Bertie will join us in conversation as best she can, though much of June she’ll be visiting family offline in the Netherlands.

 

 

Ella Reznikova is a meditation teacher, Transformative Mediator, translator and tireless reader and traveler. She likes to write short stories, mostly about her life in the Soviet Ukraine and her family. She lives with her husband in Vermont and works as a Scholarship Manager in a meditation retreat center.

Ella and I met here in Vermont when she joined the monthly writer’s group I belong to.

Here is a sample of her powerful writing, the opening of her guest post, “My First Appointment With Dharma,” scheduled for June 21.

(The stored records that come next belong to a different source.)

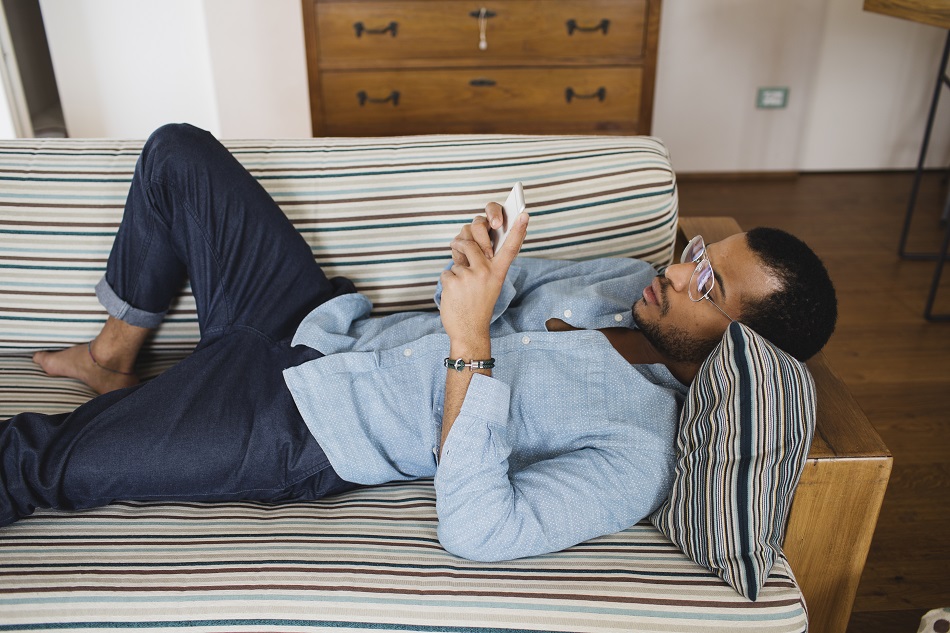 Young Man Relaxing With His Phone On The Couch
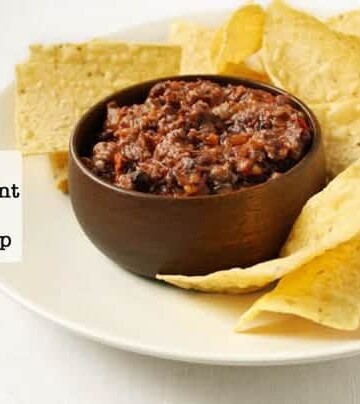 2 Ingredient Black Bean Dip in a wood bowl on a platter surrounded by tortilla chips.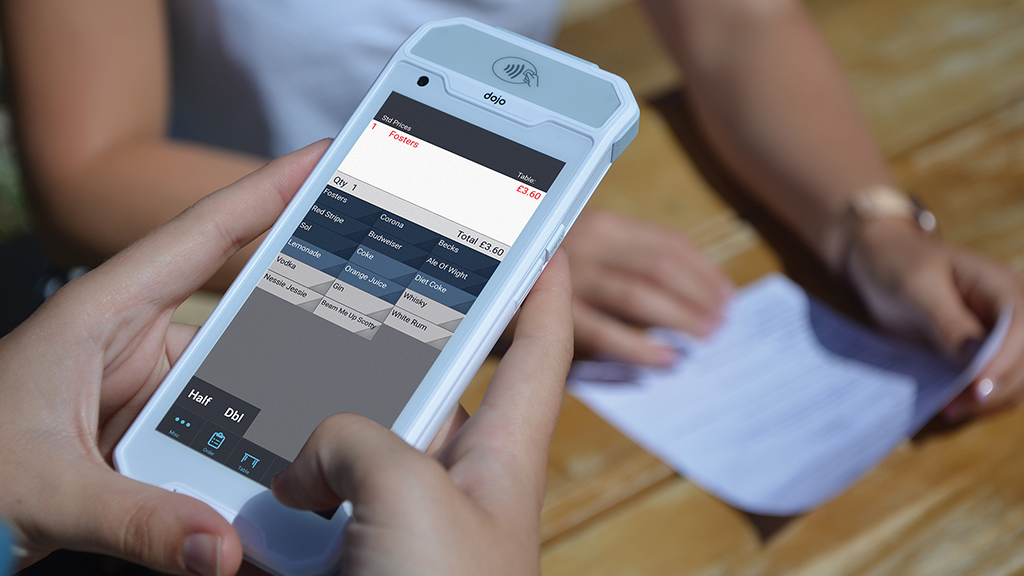 An individual holds a device displaying a menu with prices, powered by handheld EPOS software. In the background, another person prepares to receive a piece of paper on a wooden table, illustrating a seamless transaction setting.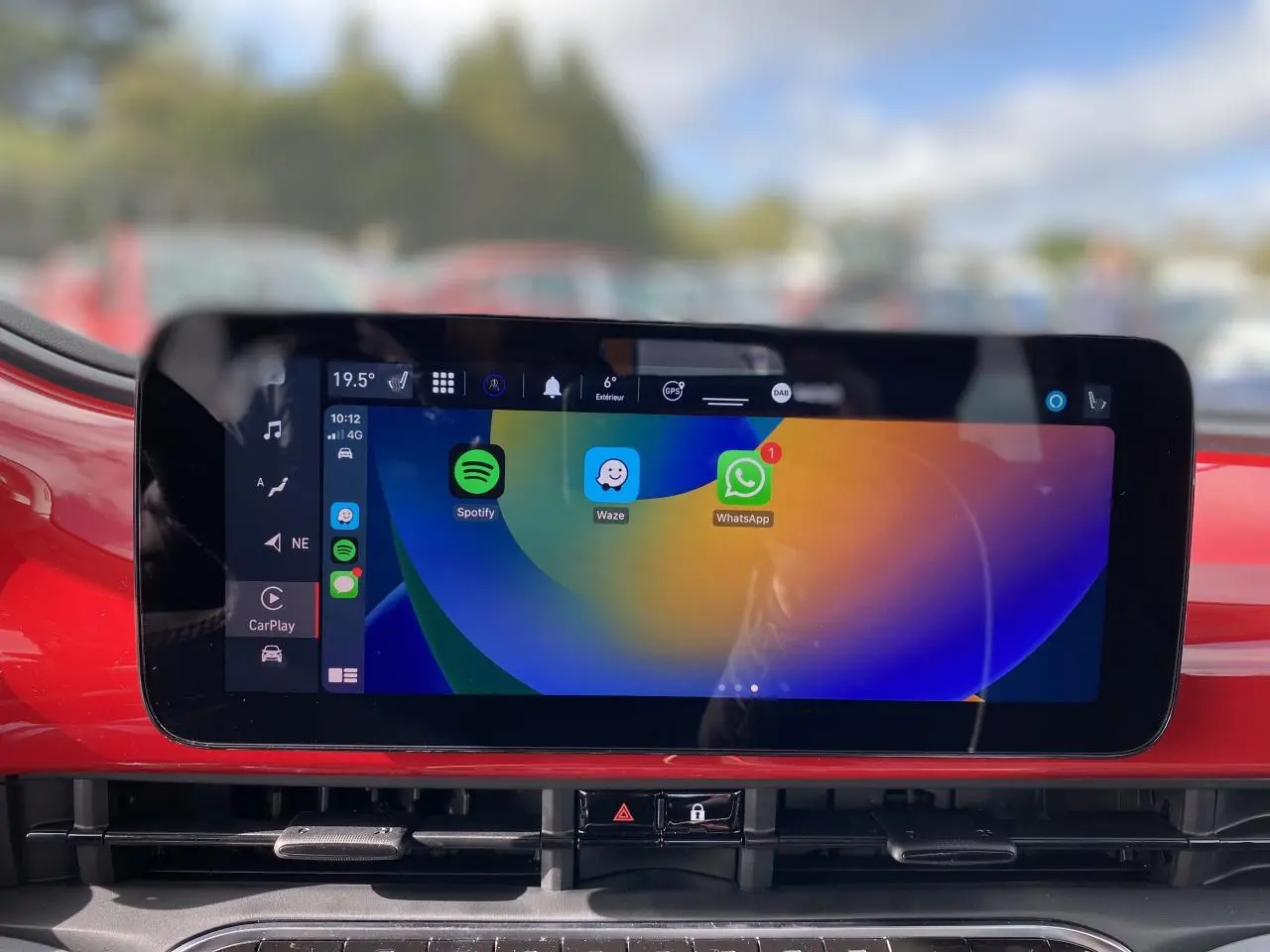 Écran tactile central affichant Spotify, Waze et WhatsApp sur tableau de bord rouge d'une Fiat 500 Cabriolet Electrique 2022.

How to recollect something that changed your life? The day was kind of gray, and nothing was showing any signs of importance. Ordinariness never lifted its veil. You know when people are telling stories about an unusually bright morning when something happened in your life? Well, it was nothing like that. But there was a plan that involved the map and my friendship with my father and the main changes in my entire life.

 

Ella Reznikova

 

  

Gulzhahan Tazhitova teaches English at L.N. Gumilyov Eurasian National University in Astana, Kazakhstan and is fluent in Kazakh, Russian, English and German. Following her years as a counterpart to a US Peace Corps volunteer, Gulzhahan was accepted to present at the TESOL Conference in Seattle, WA. In addition to this conference in the US, she has also attended conferences in Germany and in Dubai. She is the author of two textbooks for teaching English and has published more than 15 papers.  She and her husband Darkhan have two sons, Duman, 17, and Timur, 5.

Gulzhahan and I met in Kazakhstan when I was that PCV she mentions in her bio. Those of you who have read my memoir will certainly recognize her as my counterpart. She has written of the many differences she noticed while she was in the United States ten years ago, which you’ll read  on July 9. 

 

Gulzhahan Tazhitova

  

 

Hélène Tragos Stelian is a life coach, speaker, and author.

As a certified life coach, she helps people who feel stuck or lost take bold steps into a life of renewed meaning and purpose. She leads workshops on many subjects, including purpose, perfectionism, success, and goal-setting.

In her blogs, Purpose Stories and Next Act for Women, she shares inspirational stories of people who have found their life’s calling—and are living it—at any age. She also writes about purpose, midlife, women, parenting, and college for other sites, including the Huffington Post.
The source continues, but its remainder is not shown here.